WHAT YOU ARE ASKED TO DO: An exact repeat is needed of the lines from the one with "Final Straw: Trump" through the last line of the data below. Please omit the pictures.

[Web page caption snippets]
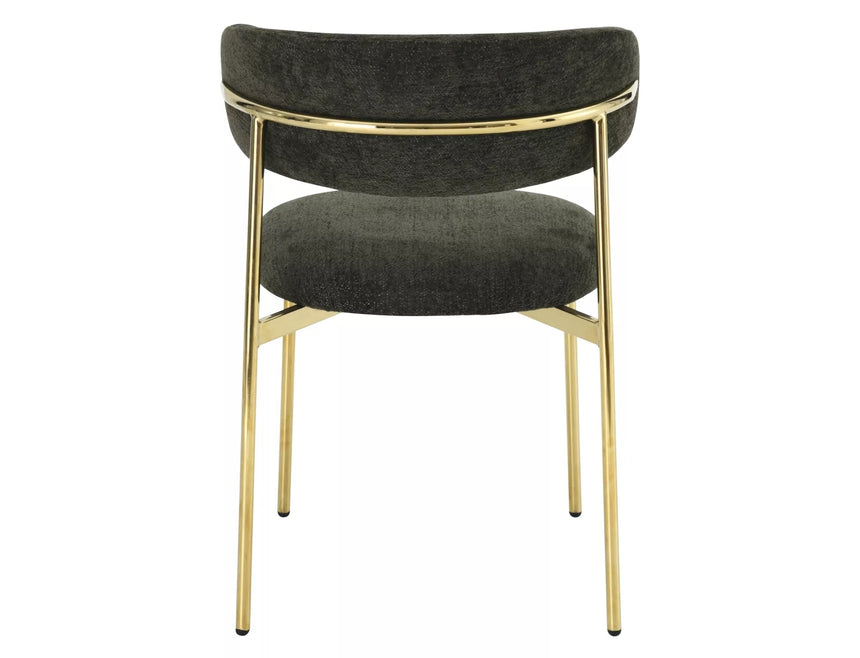 Jedálenská stolička Elton Raven III.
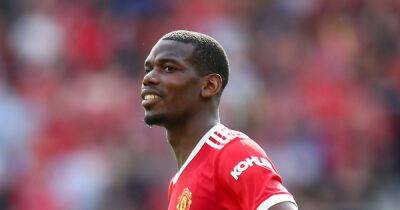 Paul Pogba's agent will 'fly to Turin' to seal move from Man United to Juventus and more rumours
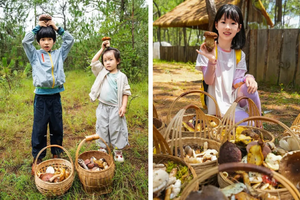 已成行 余位7丨 十一假期『童行万里-云南』10月1-6日 丽江大理度假新玩法！6天5晚亲子营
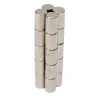 N35 - magnes neodymowy - mocny okrągły sztyft - 10mm * 15mmN35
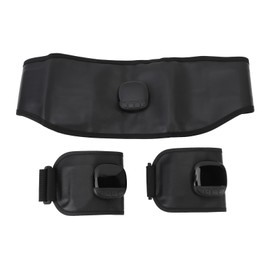 ABS Stimulator Abdominal Toning Belt Fitness Belt for Men Women Portable Fitness Workout Equipment for Home Office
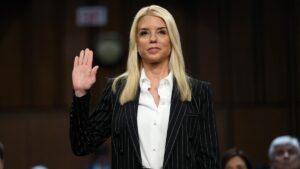 Final Straw: Trump Fires Pam Bondi Over Delayed Prosecutions of Political Adversaries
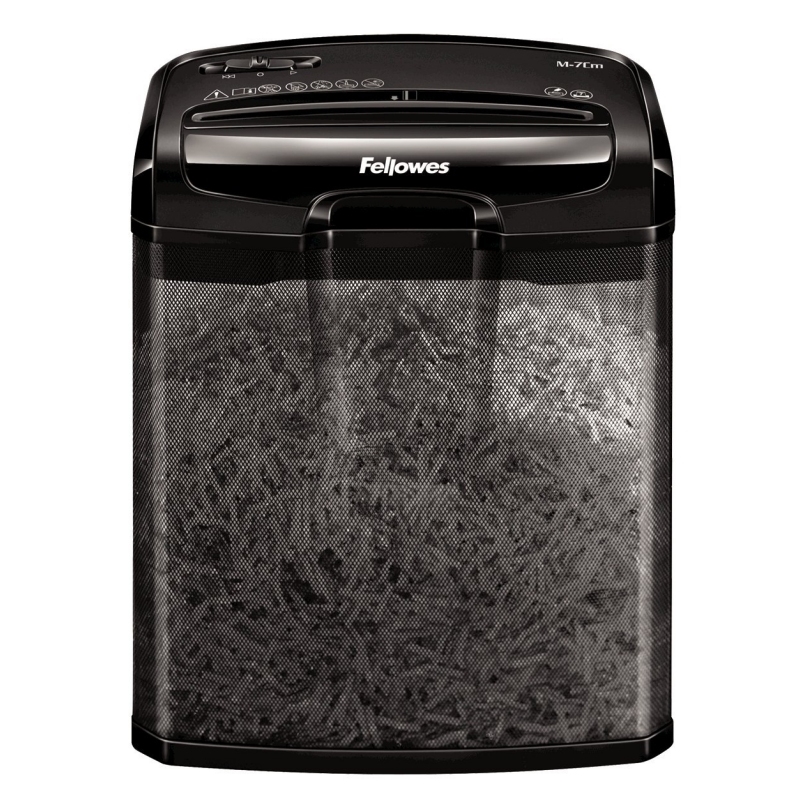 FELLOWES - Destructora M-7Cm (Ref.4701801)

OUTPUT OF THE EXERCISE:
 Final Straw: Trump Fires Pam Bondi Over Delayed Prosecutions of Political Adversaries
 FELLOWES - Destructora M-7Cm (Ref.4701801)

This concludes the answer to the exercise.